If your brackets had involved American rock bands and not NCAA men's basketball teams, you'd be in great shape if you picked Green Day for the finals.
On Final Four Saturday at Xcel Energy Center in St. Paul, Green Day gave the kind of performance that suggests they're contenders for the best arena rock show you'll see in 2017.
Now in its 30th year, the Berkeley, Calif., punk-pop trio had the right combination of passion and showbiz, seriousness and silliness, urgency and impishness, politics and fun. It was the kind of concert that convinced nearly 16,000 fans (including many kids with their parents) that rock music can have transformative powers no matter what your age.

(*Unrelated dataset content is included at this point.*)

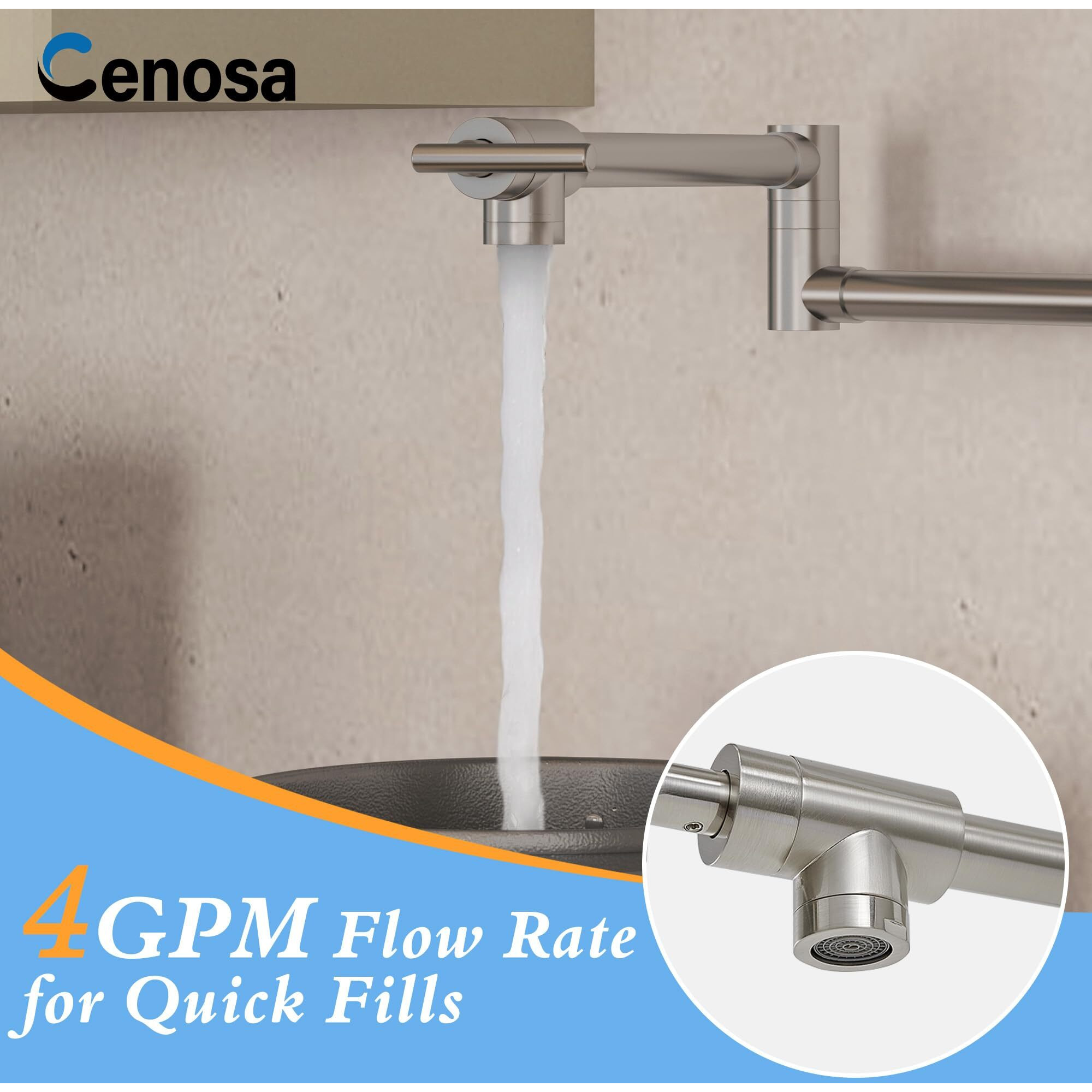 Cenosa Pot Filler Faucet Brushed Nickel Commercial Wall Mount Stove Faucet Lead-Free Wall Mount Pot Filler Facuet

At 45, frontman Billie Joe Armstrong demonstrated that punk rock is about attitude, not age. His mission is still flipping a middle finger at the establishment while playing his guitar at 100 miles per hour and 115 decibels. And he did that plenty, calling out President Donald Trump with an expletive during "American Idiot," a song written during the George W. Bush presidency, and delivering sermons about living in a world with no racism, no sexism and no homophobia, a world in which love rules. He's an ageless punk with plenty of hippie in him.
And plenty of showman. Throughout the 2½-hour performance, the unstoppable Armstrong implored the audience to follow his orders: sing along or wave their arms or jump up and down. He and his Rock Hall of Fame band employ countless arena-rock cliches, including flame throwers, confetti cannons, fireworks, industrial-strength squirt guns and hand-held spotlights, "Green Day" spelled out in giant letters as a backdrop and fans coming onstage to perform. (Nick from Worthington, Minn., got to keep the guitar he played, and two fan "singers" got to stage dive.)
Green Day eschewed live video screens, which are de rigueur at big concerts. Armstrong also admonished fans for watching the concert through their cellphone cameras. "You're not looking at me," he pointed out.
If you looked closely, Armstrong appeared different from his last Twin Cities appearance in 2009. Having gone through rehab after a 2012 meltdown onstage, he was clear-eyed and fresh-faced Saturday, no longer drawn and tired looking. He was less manic and dangerous than in previous performances but obviously still wired. That's who he is.
Armstrong played his Minnesota card, talking about his first trip to Minneapolis, where he met his future wife and played at the Varsity Theater; he said their son's band just gigged at the Varsity last year.
That was the only local reference. Armstrong didn't even pull any April Fool's pranks. He and the band (bassist Mike Dirnt, drummer Tre Cool and three sidemen) stuck to the standard set list for this tour: six songs from last year's underappreciated "Revolution Radio" album, seven numbers from 2004's landmark "American Idiot," five tunes from the 1994 breakthrough "Dookie" and assorted Green Day oldies plus a medley of Wham's "Careless Whisper" (on saxophone), the Stones' "Satisfaction," the Beatles' "Hey Jude" and the Isley Brothers' "Shout."
The game changers included the hit "Holiday," the propulsive punk chestnut "Basket Case," the poppy current single "Still Breathing" and the first encore of a ferocious "American Idiot" and the epic suite "Jesus of Suburbia."
Although he sang about outcasts, alienation and frustration, Armstrong offered his own analysis: "It's not negativity; it's unity music."
Saturday's concert was not as head-shakingly, fist-poundingly awesome as Green Day's 2004 and 2009 shows in the Twin Cities, which were championship performances. But it was still a fierce demonstration of the communal power of rock.